The proposed tie-up between LATAM Airlines and Delta Air Lines is casting fresh light on the outdatedness of global airline alliances. Delta revealed last week that it is spending USD1.9 billion to take a 20% stake in LATAM, and the two airlines plans to pursue a JV. LATAM also plans to leave the oneworld alliance and remain independent.
One of the predecessors to LATAM, LAN Airlines has been a member of oneworld for about 18 years, and TAM Airlines formally joined the alliance in 2014 after its merger with LAN. Now that it is pursuing a deep and broad relationship with Delta, LATAM plans to exit oneworld and remain independent. LATAM is showing little trepidation about leaving oneworld, and the shift points to growing opinions that alliances could increasingly become outdated.
Delta is an anchor member of SkyTeam, and its JV with fellow alliance members Air France-KLM has been a success. But its tie-ups with GOL, Virgin Atlantic and WestJet show that alliances don’t offer the network breadth and depth airlines operating in today’s global aviation industry need.
Delta in particular needed a strong partner in Latin America, as its CEO Ed Bastian noted total annual revenue from South America to the US is roughly USD8 billion and LATAM’s business from South America to the US is roughly USD1.6 billion annually.
GOL provided Delta with a strong position in Brazil’s domestic market, but LATAM is a strong number two in that space with a 31.3% domestic market share in Brazil behind GOL’s 35% share (based on ANAC data for the 1H2019).
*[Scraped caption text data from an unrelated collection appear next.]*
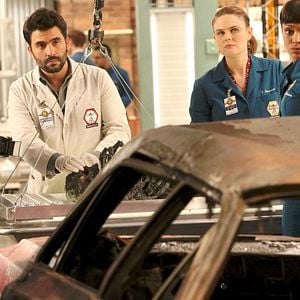 Fotoğraf Ignacio Serricchio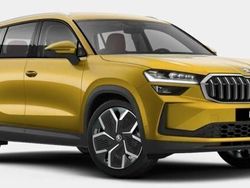 Gebraucht 2024 Skoda Kodiaq Selection SUV | 43.890 € (Etwas zu teuer)
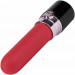 Вибратор в форме Помады Blush lipstick Lush Red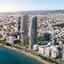 2 bedroom apartment for sale limassol municipality limassol 980358 thumbnail 6276854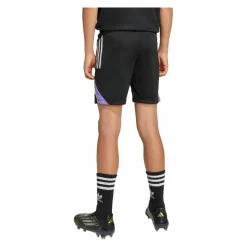 adidas · Tiro 25 Competition Short Kids
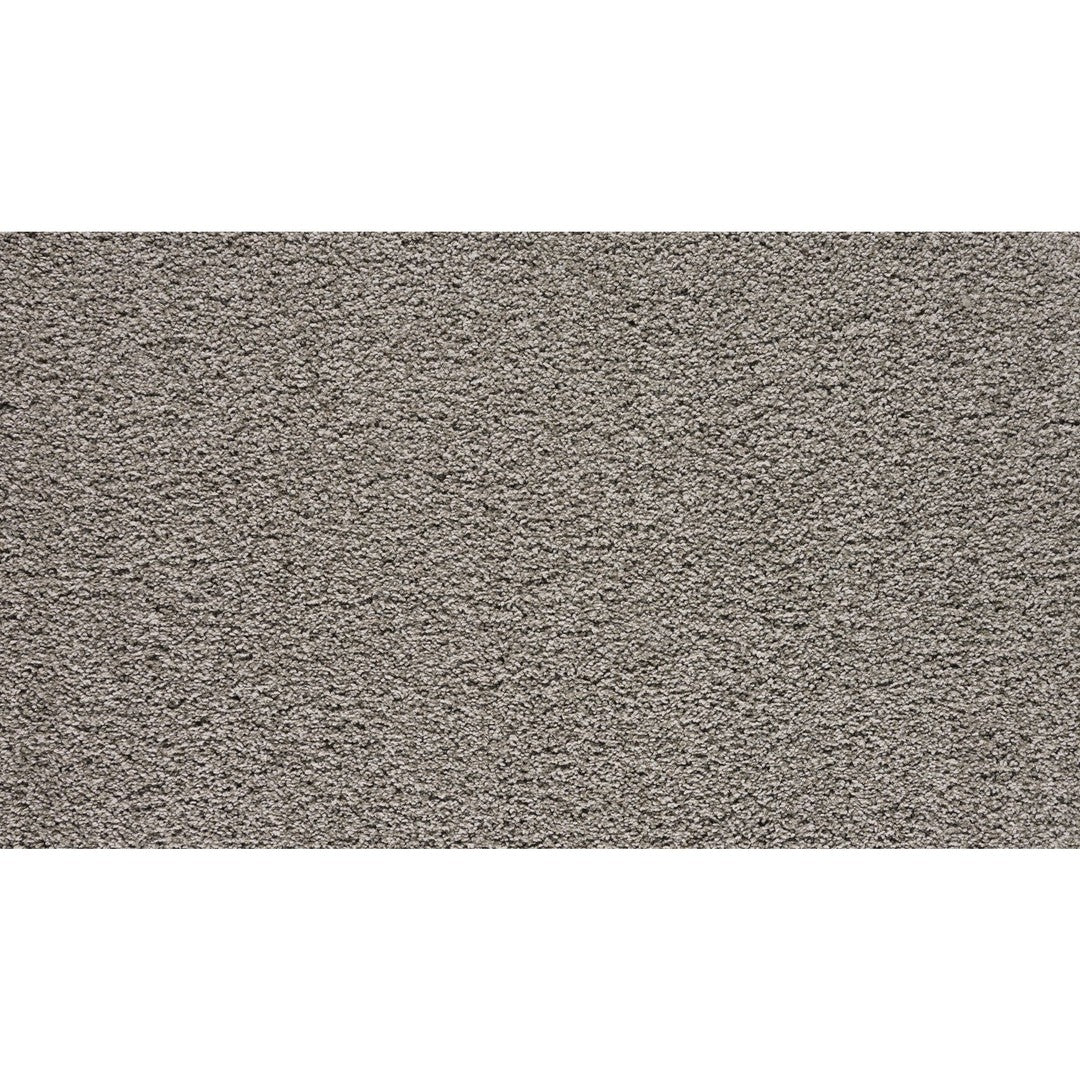 Aurelia in Sunlit Taupe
LATAM also has a leading position (number one or two) in the growing markets of Peru, Ecuador, Argentina and Colombia as well as its long held position as Chile’s largest airline.
In light of the agreement with LATAM, Delta’s partnership with GOL has ended and its chief accounting officer and SVP finance and controller, William Charles Carroll, has resigned with immediate effect from its board. The alliance was first announced in Dec-2011 and GOL has described Delta as a “terrific partner”. It notes the phase out of its Delta codeshare and the US carrier’s investment in Gol’s non-voting shares is not expected to have a significant financial impact as the current relationship provided just 0.3% of GOL’s total revenues.
Delta’s moves are sure to raise further speculation that it could ultimately choose to break-up SkyTeam and instead build a new generation global network outside of the barriers of alliance membership. Mr Bastian has remarked that alliances have been slow to deliver on certain promises around technology.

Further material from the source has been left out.